Compliance status vs. compliance programs: What's the difference?

Jennifer Vogl (jennifer.vogl@cdw.com) is a Governance and Compliance Manager at CDW in Madison, Wisconsin, USA.

This is the first of a two-part series on organizational compliance posture.

Your organization has passed the audit. You have your attestation, certificate, or final report, and you’ve met the demands of your customers, stakeholders, regulatory agencies, etc. At this point, it’s nearly impossible for someone on the outside to see what it actually took to pass the audit or your overall compliance posture, and the people outside your organization might not actually give it a second thought. So, if that’s true, should it matter to anyone inside the organization? The short answer to that question is “Yes.”

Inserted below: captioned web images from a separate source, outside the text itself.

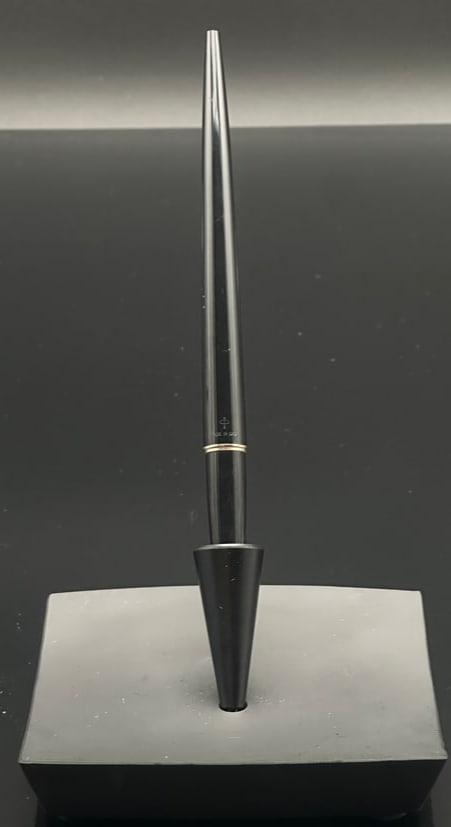 Vintage Parker Desk Pen with Black Resin Barrel, Gold Trim & Original Stand – Boxed (1 of 7)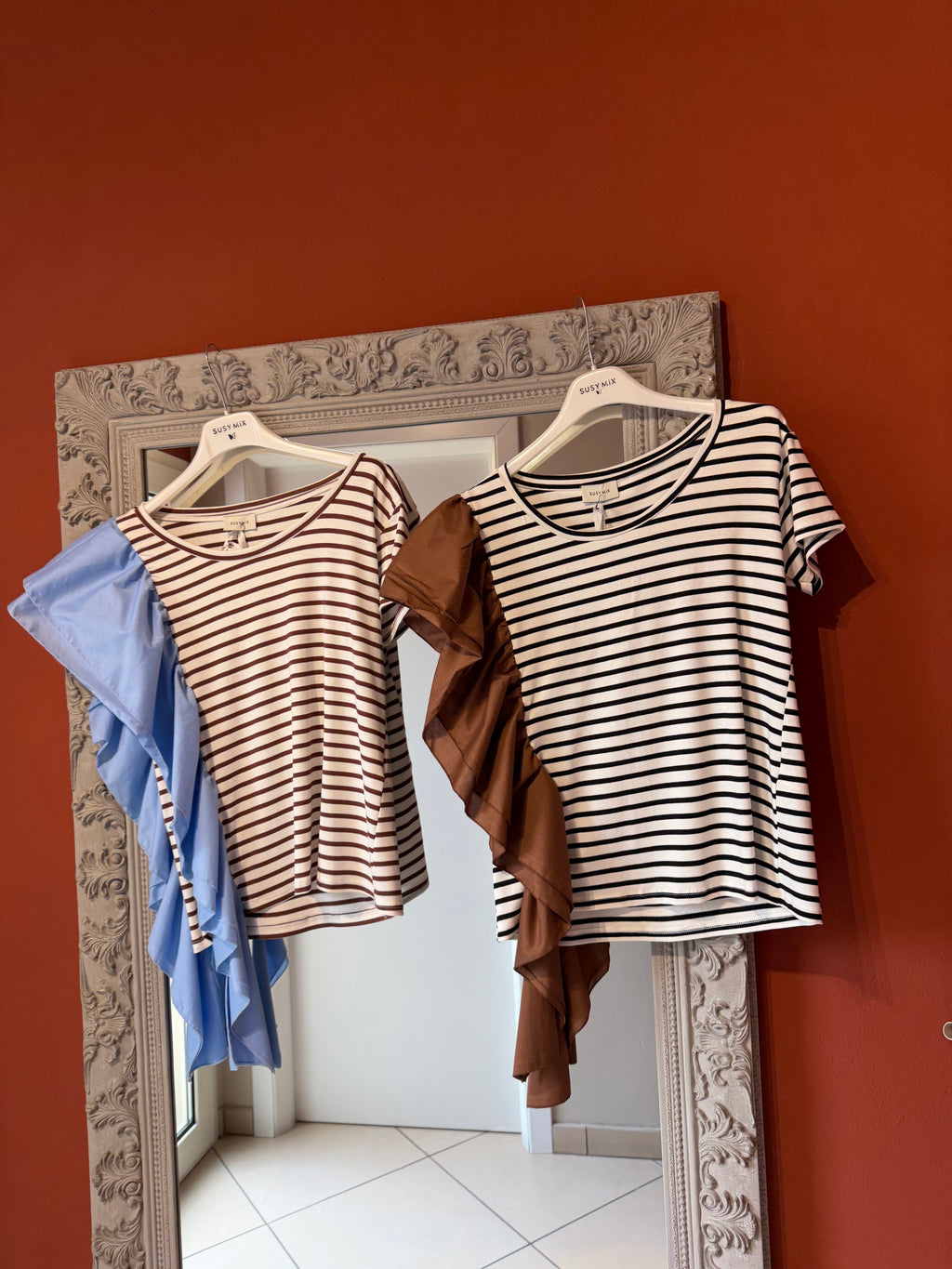 T-shirt con maxi rouches -Susymix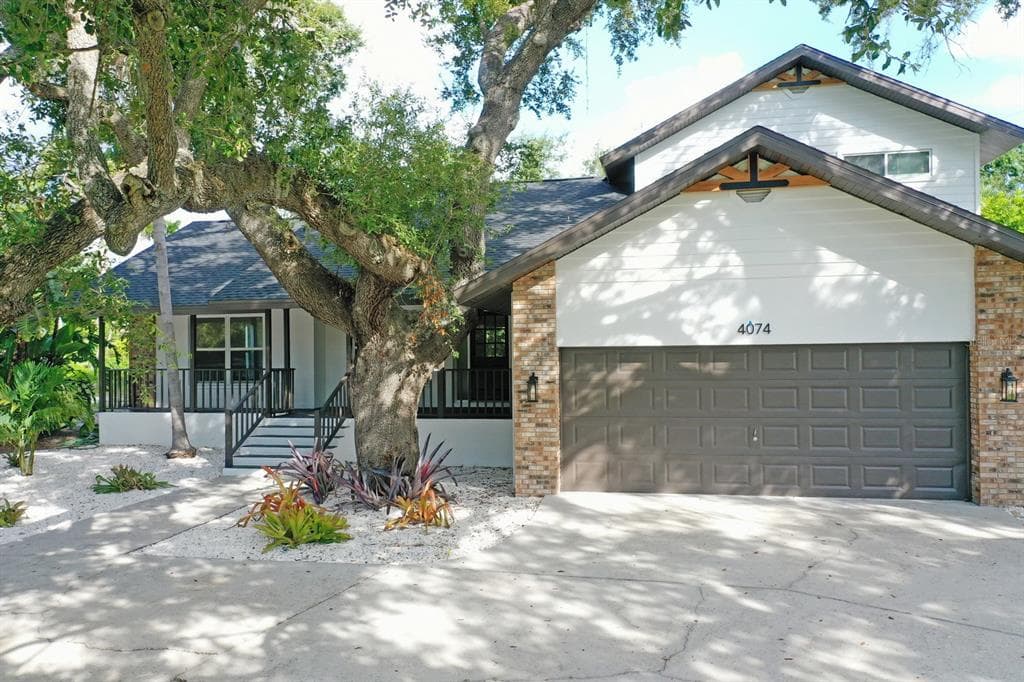 4074 REDBIRD CIRCLE - 4bd/3ba - $878,000 - SARASOTA, FL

In this two-part discussion about compliance posture, we’ll be able to examine the difference between having a year-round compliance program and having a point-in-time compliance status (yay, we passed!). We’ll address both how you can know which applies to your organization and how that compliance posture can make a huge impact. Simply put, your organization should care about its compliance posture. Regardless of your position within the organization, from the operations team member to the compliance specialists and all the way up through the executive leadership, there is a significant difference between having a robust, continuous compliance program and the urgent flurry of compliance activity required to just pass an audit. Every single operations or compliance team member will notice the difference in resource allocation and optimization. Leadership team members and stakeholders will feel the difference in the ease of audit process and completion, as well as the impact on financial, reputational, and compliance risk. Most importantly, and counterintuitively, it may actually save money and reduce resource burdens by choosing to have a compliance program over momentary compliance status.

Before we decide where we are going, though, we should figure out where we are. A map is a great tool, but only if you know your starting point. So, what is your organization’s compliance posture? Do your team members and leaders have a strong sense of confidence in the organization’s compliance posture via programs that provide ongoing feedback and measurement? Or, instead, do your team members and leaders have a fleeting feeling of success associated with passing a particular audit? How do we even begin to answer these questions?